(TASK OBJECTIVE)
From the listing below, reproduce exactly the lines starting with the one with "Handmade Natural Blue" and going on through the one with "VT license plate YVX122", both ends kept. No picture is copied.

___ PROVIDED MATERIAL

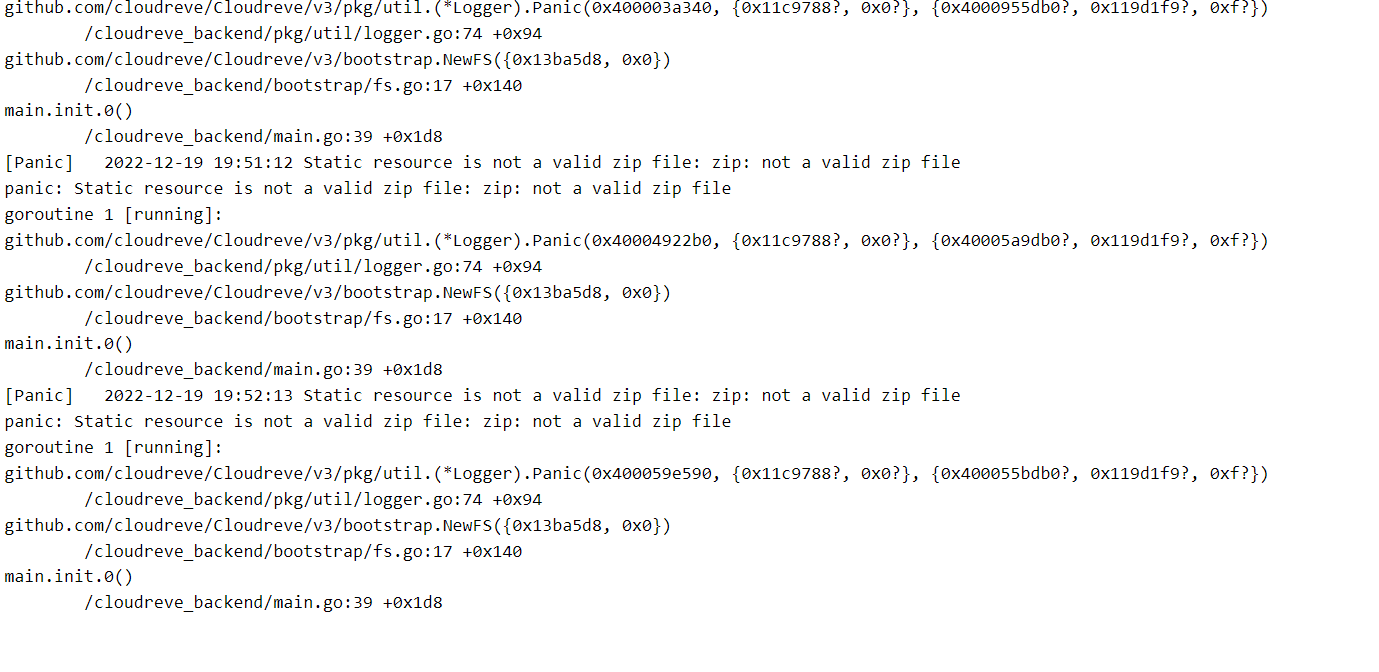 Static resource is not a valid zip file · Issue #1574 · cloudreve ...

______
___ PROVIDED MATERIAL

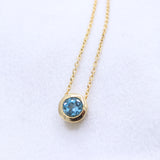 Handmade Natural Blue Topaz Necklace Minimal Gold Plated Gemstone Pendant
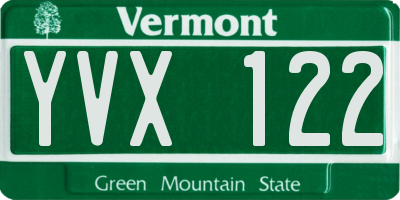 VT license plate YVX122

______

(ANSWER AREA)
 Handmade Natural Blue Topaz Necklace Minimal Gold Plated Gemstone Pendant
 VT license plate YVX122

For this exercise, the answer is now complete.